Playing with inexpensive or salvaged speakers is an interesting side hobby to electronics. Most of us have succumbed to that particular bug early in our careers. I can recall articles in Popular Electronics around 1961 on "Sweet Sixteen" loudspeaker arrays (4x4 arrays of cheap 5" speakers) that were supposed to have the extended bass response of a single large twelve or fifteen inch loudspeaker. I didn't bite on that, but a lot of hobbyists did. From what I read later, it was a total fail at reproducing low frequency bass notes, but I never had the opportunity to actually listen to one of them. When we could afford it, wife and I purchased a pair of used Jensen loudspeakers. Those held up through raising two girls and two boys before the loudspeakers finally died... probably from being over-driven during one (or all) of our kids teen-aged years.

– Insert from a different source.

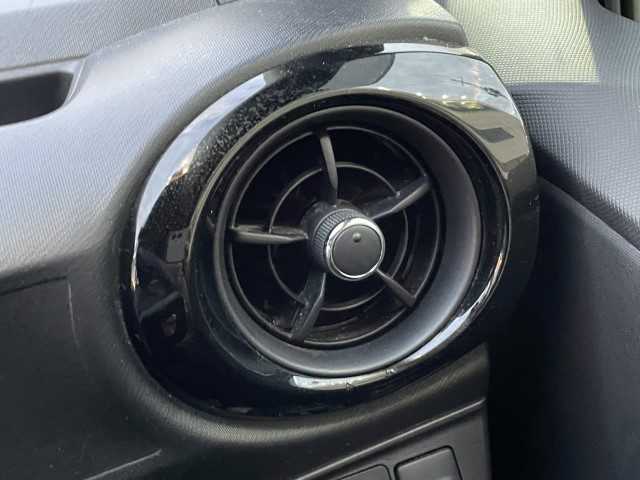 トヨタ アクア S スタイルブラック 岩手県 2017(平29)年 4.4万km ブラックマイカ ワイパーデアイサー/寒冷地仕様/オートライト/オートマチックハイビーム/純正フロアマット/純正ナビ（CD/DVD/BT/フルセグ）/バックモニター/スマートキー/ABS/電動格納ミラー/レーンキープアシスト/横滑り防止/プリクラッシュセーフティ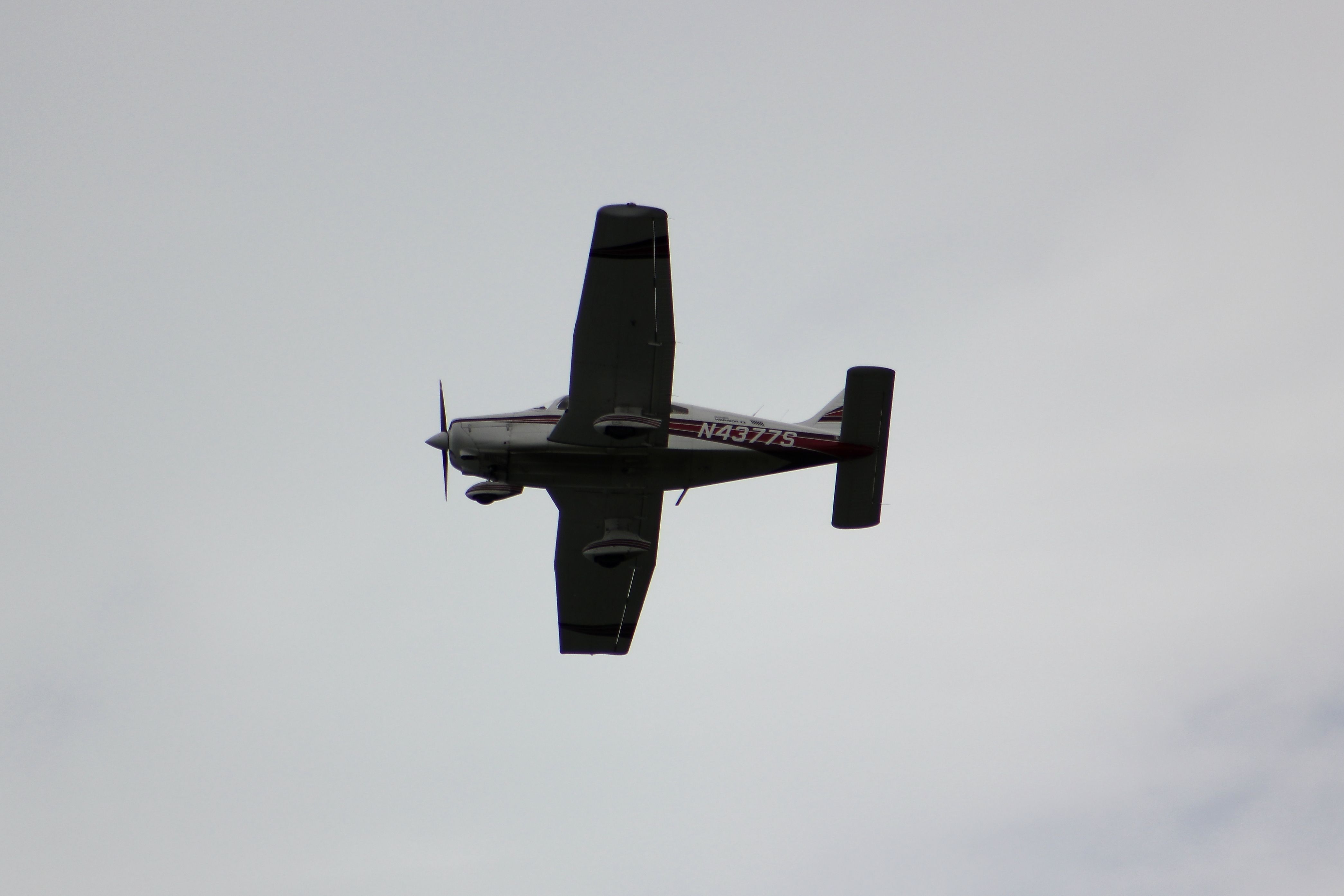 Piper Cherokee (N4377S)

What I did eventually do was build two small unvented enclosures for a pair of small, new, replacement loudspeakers intended for mounting in automobile doors. Mounting the speakers in car doors is apparently effective in isolating the rear pressure wave from the front pressure wave of the speaker, thereby avoiding interference effects. But we got rid of the car before installing the speakers, which I discovered a few years later in their original packing boxes.
Mounting a speaker in a sealed box filled with sound-absorbing material is supposed to also be effective. About as effective as mounting a speaker on an "infinite wall" or on a car door to isolate the front and back sides. What I ended up with was two very heavy, bookshelf-sized, speakers with mediocre sound reproduction quality. Useful, but not high-fidelity by any stretch of the imagination. I still haul them out from time-to-time and drive them with a small Radio Shack stereo amplifier pumping out maybe five watts per channel on a good day. Good enough for listening to YouTube music videos on my desktop PC or laptop or streaming audio clips ripped from CDs.
So, yeah, go ahead and build some cabinets... play around with bass-reflex designs and ported tube designs. Go for measuring the Thiele-Small characteristics and use those to guide your enclosure design. By the time you are thirty and are making some big bux in your chosen career, you will probably gladly pay some of those big bux for an off-the-shelf solution, so you can spend more time actually listening to music while pursuing an electronics hobby on the workbench. Well, that works for me but your mileage (or kilometers) may differ.